Activity: Please return exactly the lines from the top of the data through the line that contains "Grasshoppers Sierra Tornado Black", and skip all pictures.

[Stored data — start]

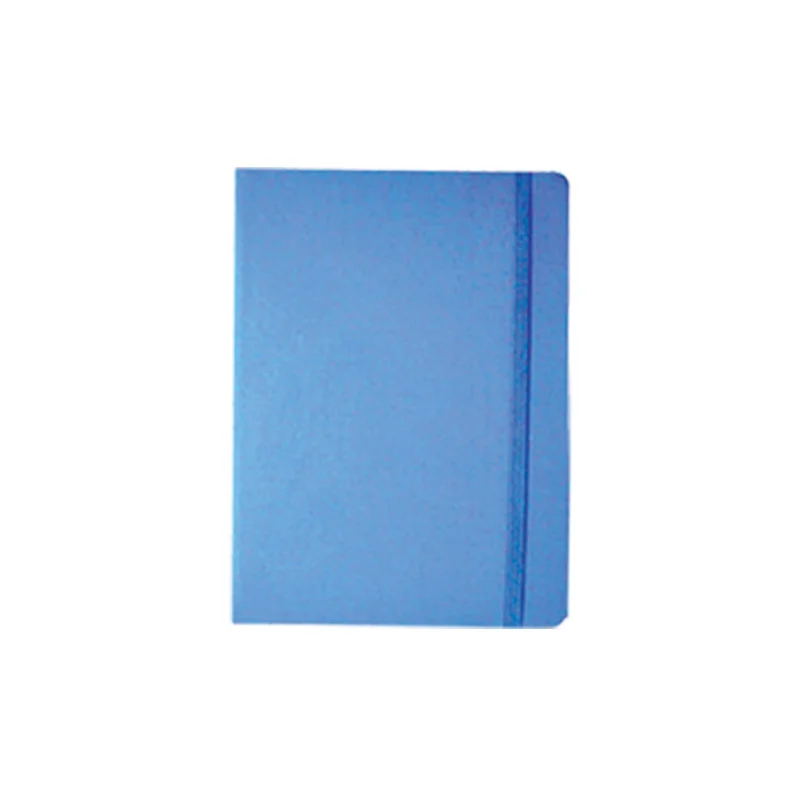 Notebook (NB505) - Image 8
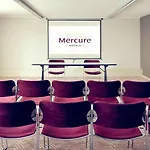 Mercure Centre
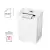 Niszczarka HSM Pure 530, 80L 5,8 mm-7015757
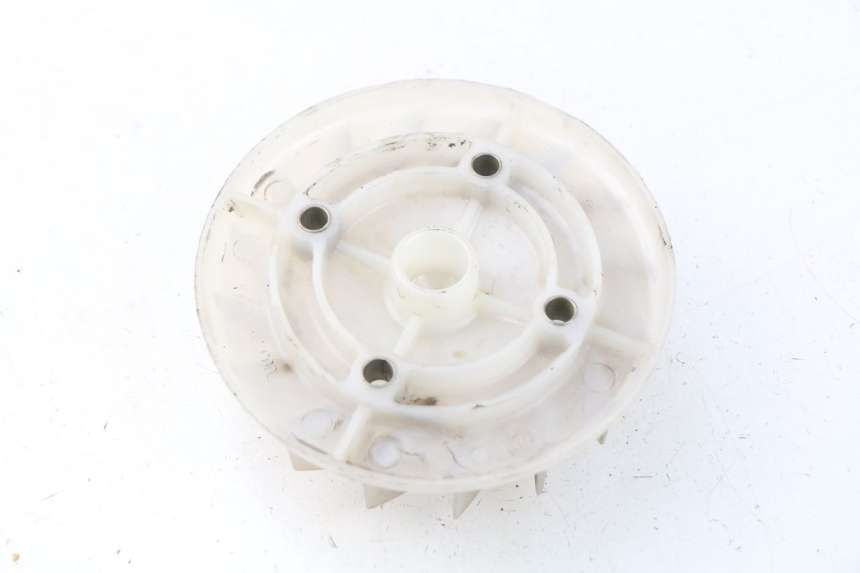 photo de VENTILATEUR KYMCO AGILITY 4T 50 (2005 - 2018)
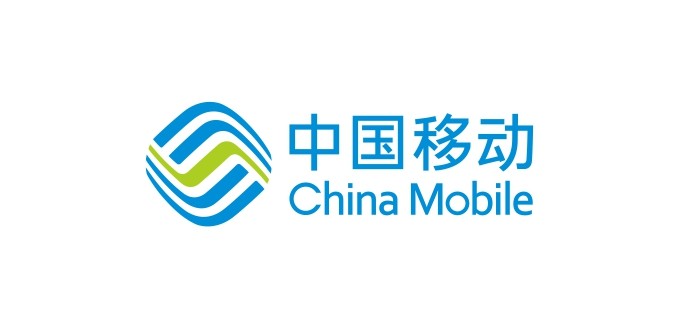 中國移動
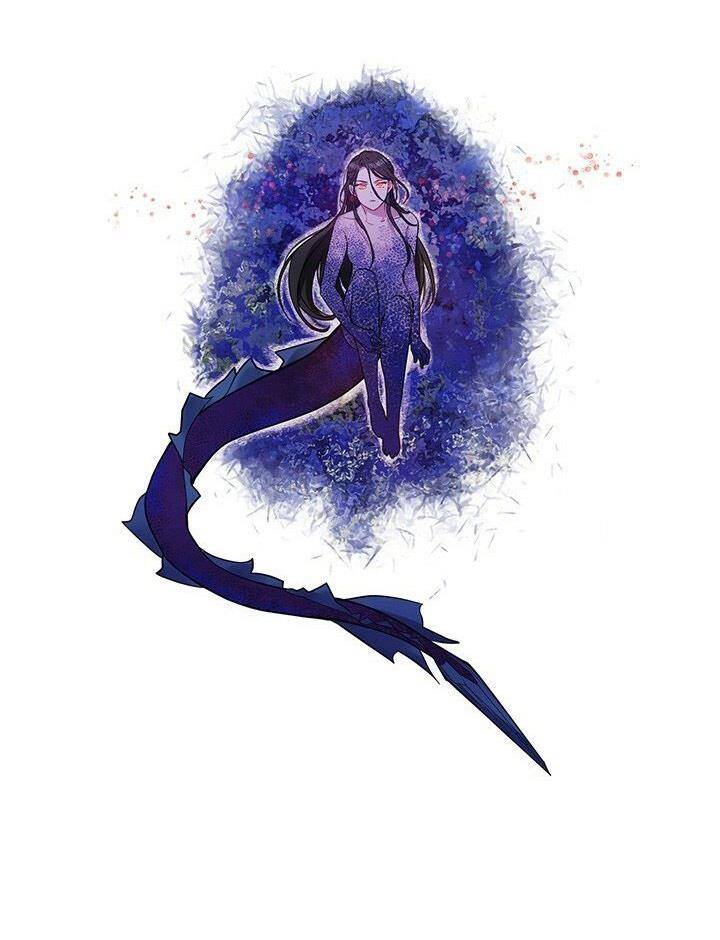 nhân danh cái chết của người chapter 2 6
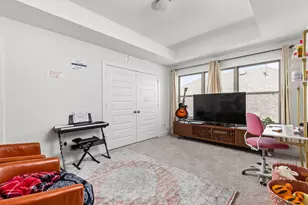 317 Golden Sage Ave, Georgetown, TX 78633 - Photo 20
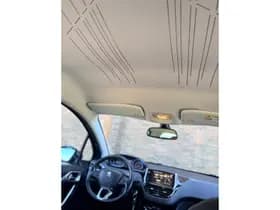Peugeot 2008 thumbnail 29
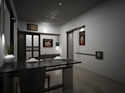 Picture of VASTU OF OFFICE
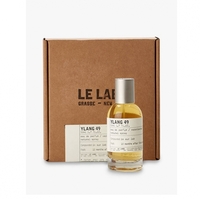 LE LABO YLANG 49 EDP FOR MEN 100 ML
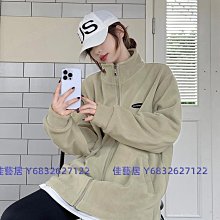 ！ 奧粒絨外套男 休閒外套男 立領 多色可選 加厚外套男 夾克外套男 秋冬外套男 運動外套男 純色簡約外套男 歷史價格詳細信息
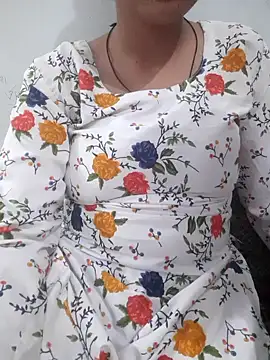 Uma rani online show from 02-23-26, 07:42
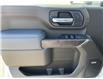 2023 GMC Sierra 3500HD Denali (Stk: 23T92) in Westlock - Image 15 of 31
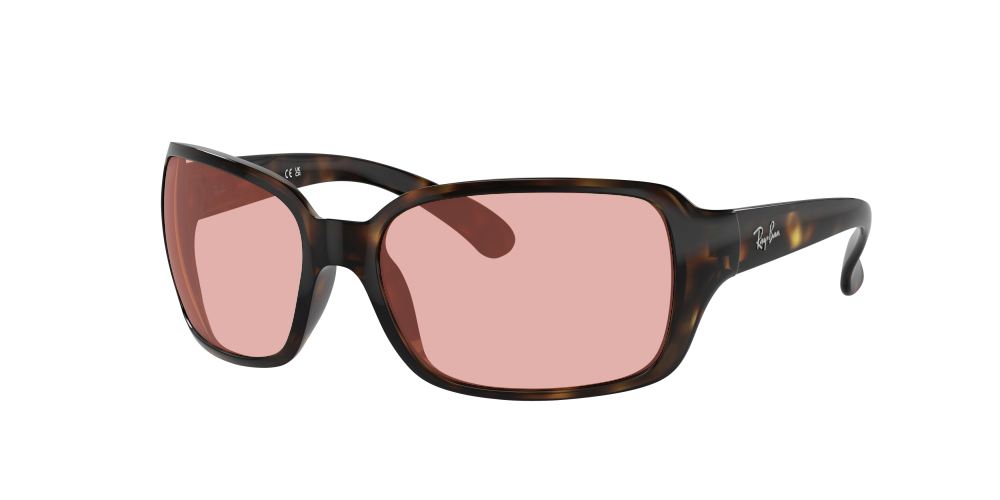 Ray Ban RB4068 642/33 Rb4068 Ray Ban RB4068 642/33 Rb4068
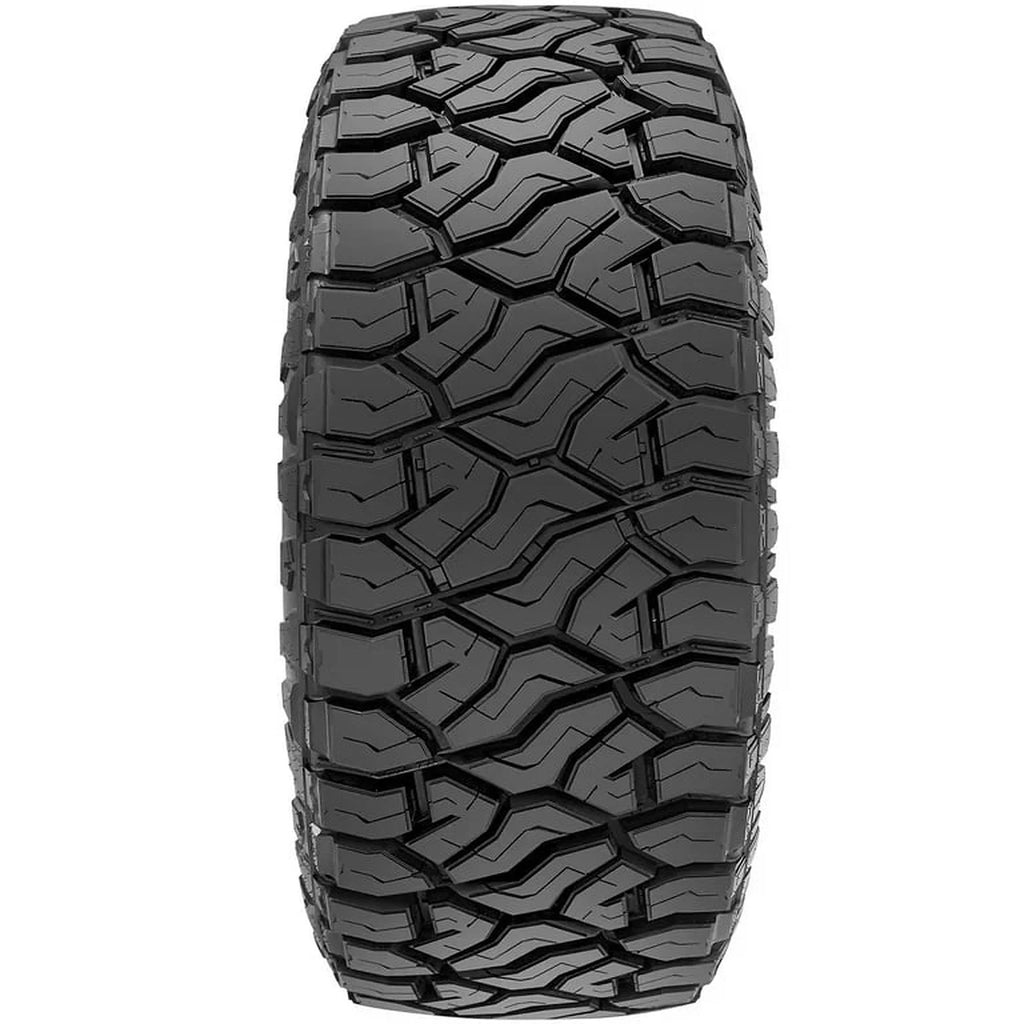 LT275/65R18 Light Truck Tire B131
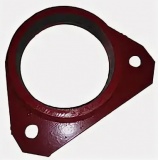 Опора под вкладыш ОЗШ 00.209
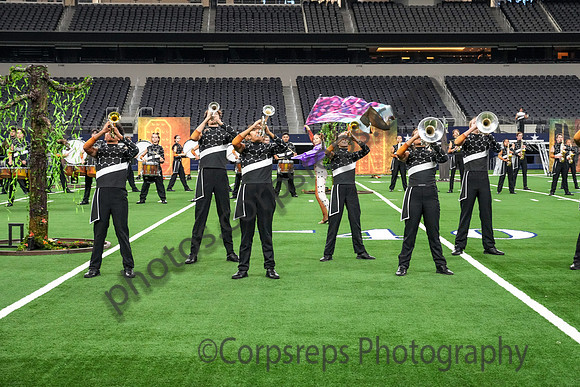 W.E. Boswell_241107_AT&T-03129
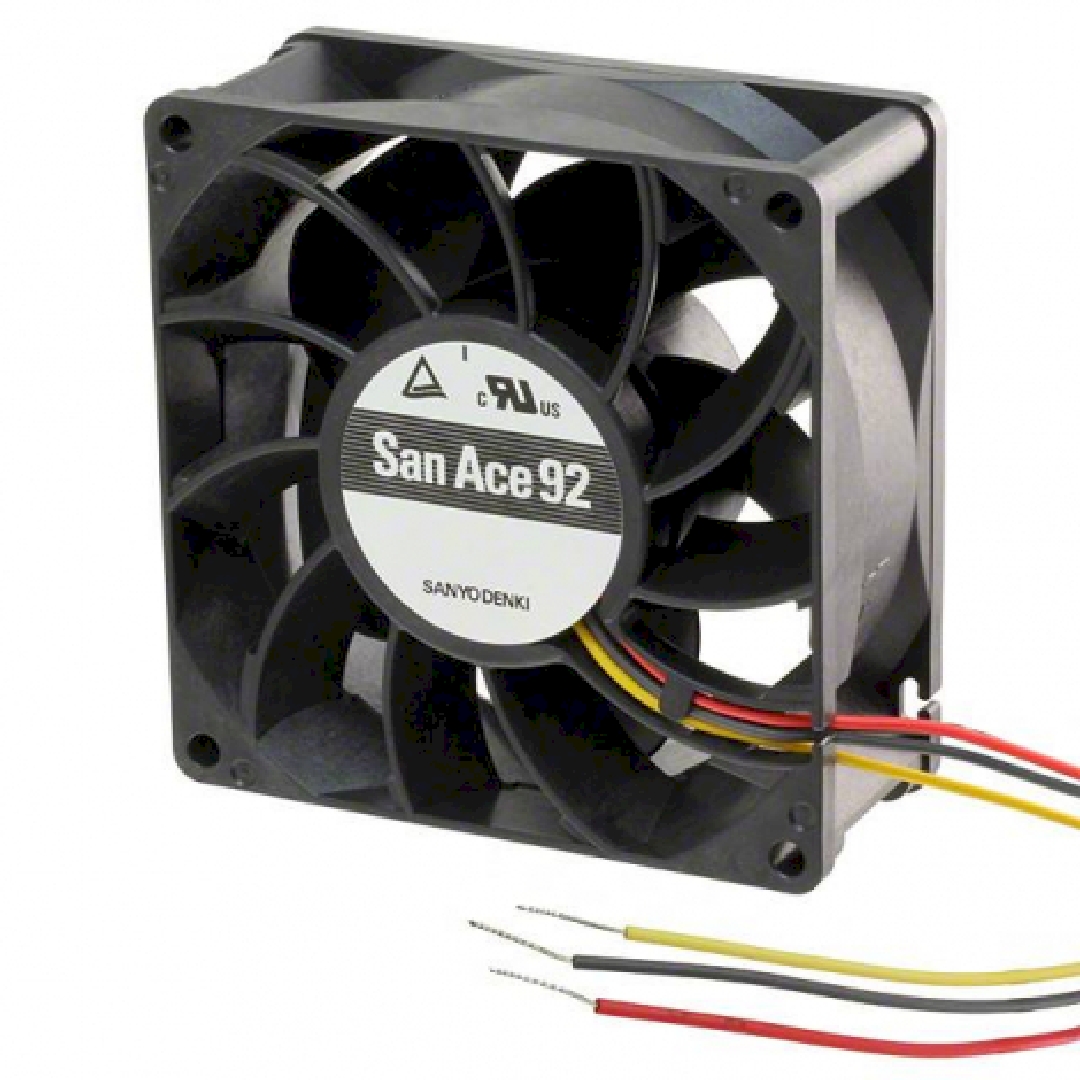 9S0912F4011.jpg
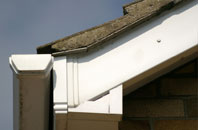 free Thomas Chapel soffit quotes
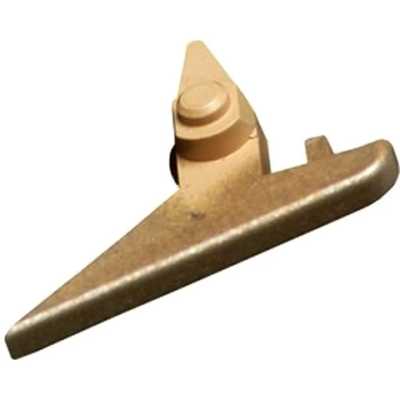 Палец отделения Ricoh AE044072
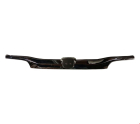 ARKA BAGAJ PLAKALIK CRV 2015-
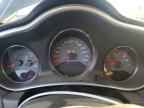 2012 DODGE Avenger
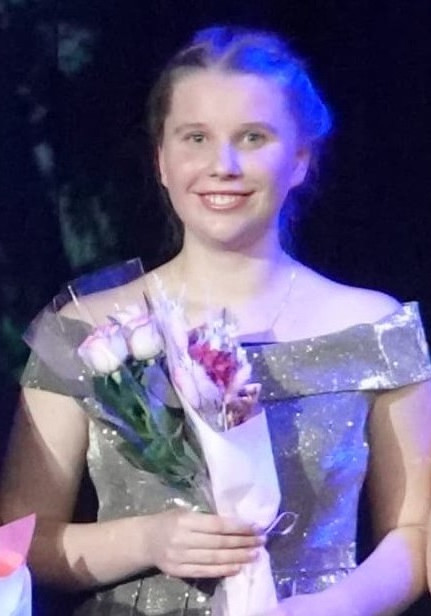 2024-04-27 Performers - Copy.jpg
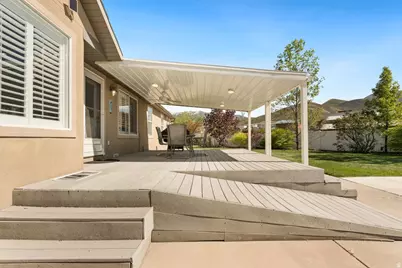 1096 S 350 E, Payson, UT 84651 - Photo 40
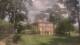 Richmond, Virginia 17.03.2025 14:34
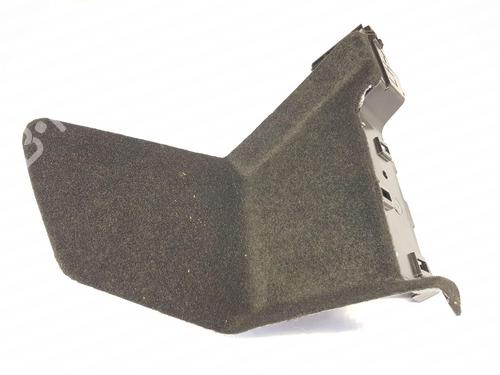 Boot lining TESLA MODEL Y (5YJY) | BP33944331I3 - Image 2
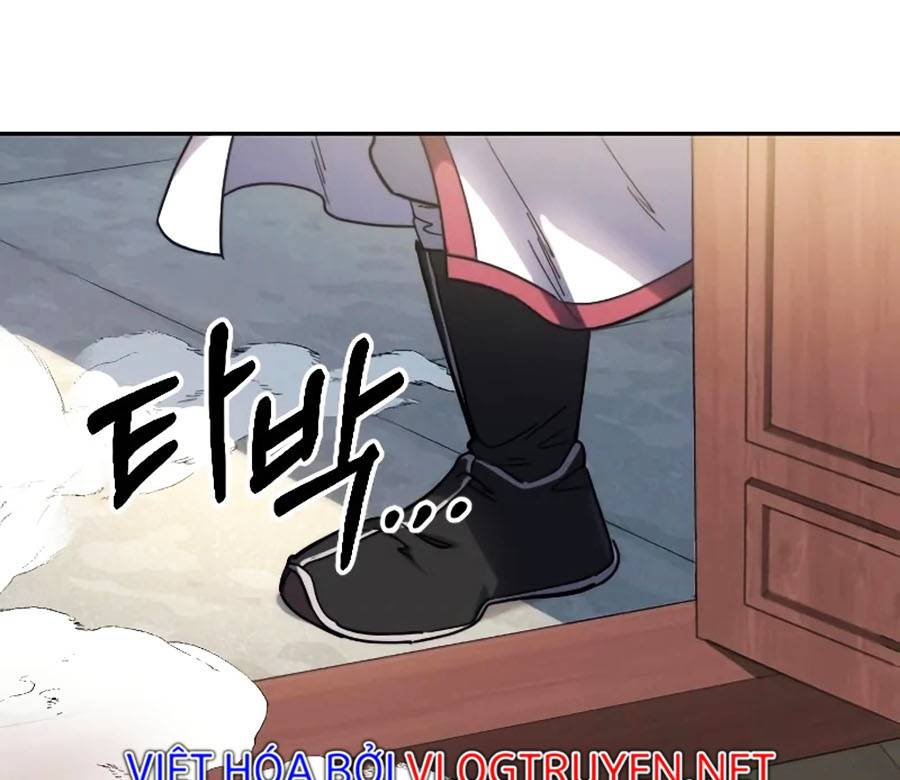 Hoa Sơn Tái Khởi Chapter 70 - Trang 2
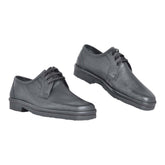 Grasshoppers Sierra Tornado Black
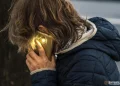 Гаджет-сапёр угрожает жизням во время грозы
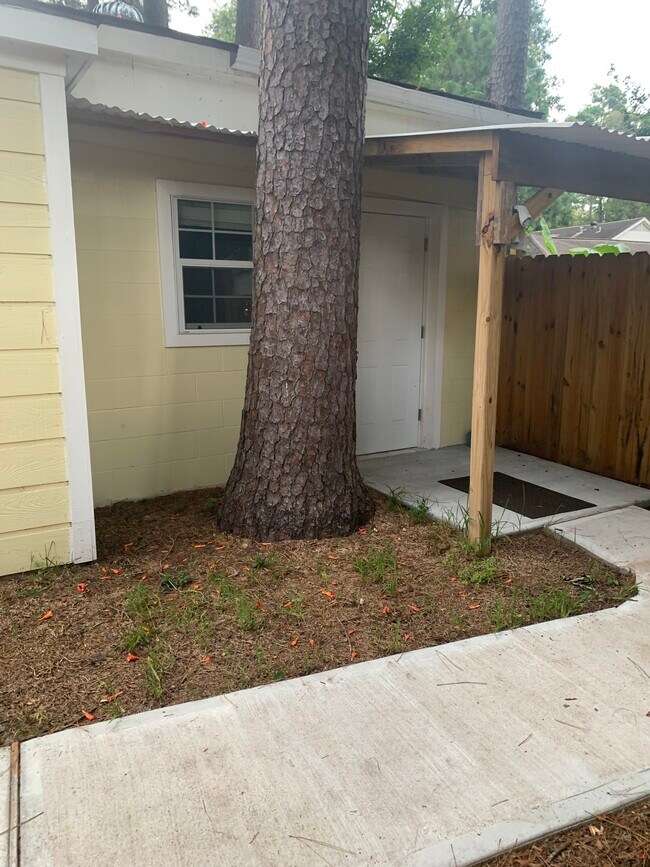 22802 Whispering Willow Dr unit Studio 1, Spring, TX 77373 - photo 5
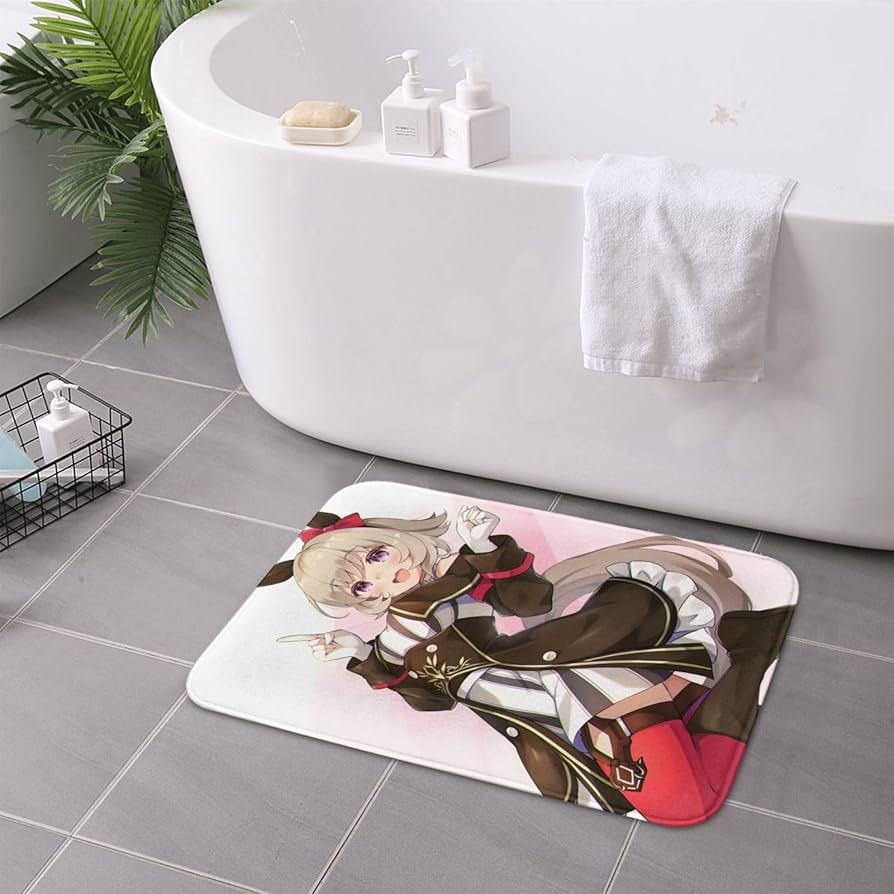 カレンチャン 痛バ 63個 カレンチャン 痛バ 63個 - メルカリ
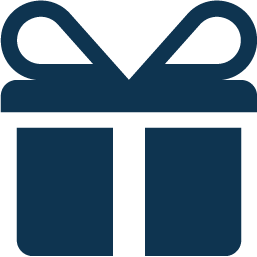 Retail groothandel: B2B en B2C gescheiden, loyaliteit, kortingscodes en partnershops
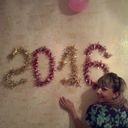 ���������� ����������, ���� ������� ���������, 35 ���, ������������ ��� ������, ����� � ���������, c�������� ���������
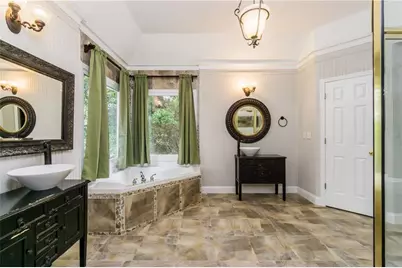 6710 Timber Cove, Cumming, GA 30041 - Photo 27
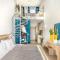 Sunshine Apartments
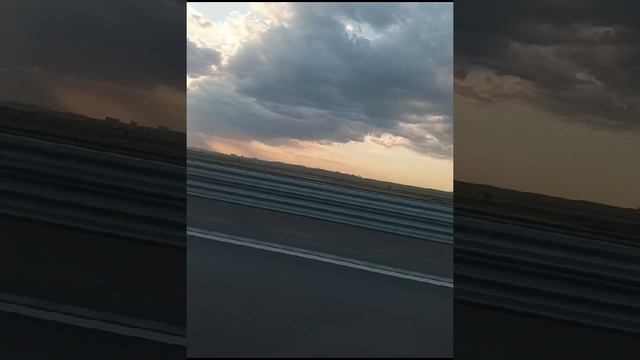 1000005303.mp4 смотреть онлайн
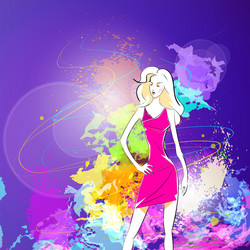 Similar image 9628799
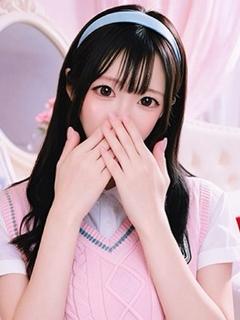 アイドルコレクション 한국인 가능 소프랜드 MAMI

[Stored data — finish]

Exercise solution:
 Notebook (NB505) - Image 8
 Mercure Centre
 Niszczarka HSM Pure 530, 80L 5,8 mm-7015757
 photo de VENTILATEUR KYMCO AGILITY 4T 50 (2005 - 2018)
 中國移動
 nhân danh cái chết của người chapter 2 6
 317 Golden Sage Ave, Georgetown, TX 78633 - Photo 20
Peugeot 2008 thumbnail 29
 Picture of VASTU OF OFFICE
 LE LABO YLANG 49 EDP FOR MEN 100 ML
 ！ 奧粒絨外套男 休閒外套男 立領 多色可選 加厚外套男 夾克外套男 秋冬外套男 運動外套男 純色簡約外套男 歷史價格詳細信息
 Uma rani online show from 02-23-26, 07:42
 2023 GMC Sierra 3500HD Denali (Stk: 23T92) in Westlock - Image 15 of 31
 Ray Ban RB4068 642/33 Rb4068 Ray Ban RB4068 642/33 Rb4068
 LT275/65R18 Light Truck Tire B131
 Опора под вкладыш ОЗШ 00.209
 W.E. Boswell_241107_AT&T-03129
 9S0912F4011.jpg
 free Thomas Chapel soffit quotes
 Палец отделения Ricoh AE044072
 ARKA BAGAJ PLAKALIK CRV 2015-
 2012 DODGE Avenger
 2024-04-27 Performers - Copy.jpg
 1096 S 350 E, Payson, UT 84651 - Photo 40
 Richmond, Virginia 17.03.2025 14:34
 Boot lining TESLA MODEL Y (5YJY) | BP33944331I3 - Image 2
 Hoa Sơn Tái Khởi Chapter 70 - Trang 2
 Grasshoppers Sierra Tornado Black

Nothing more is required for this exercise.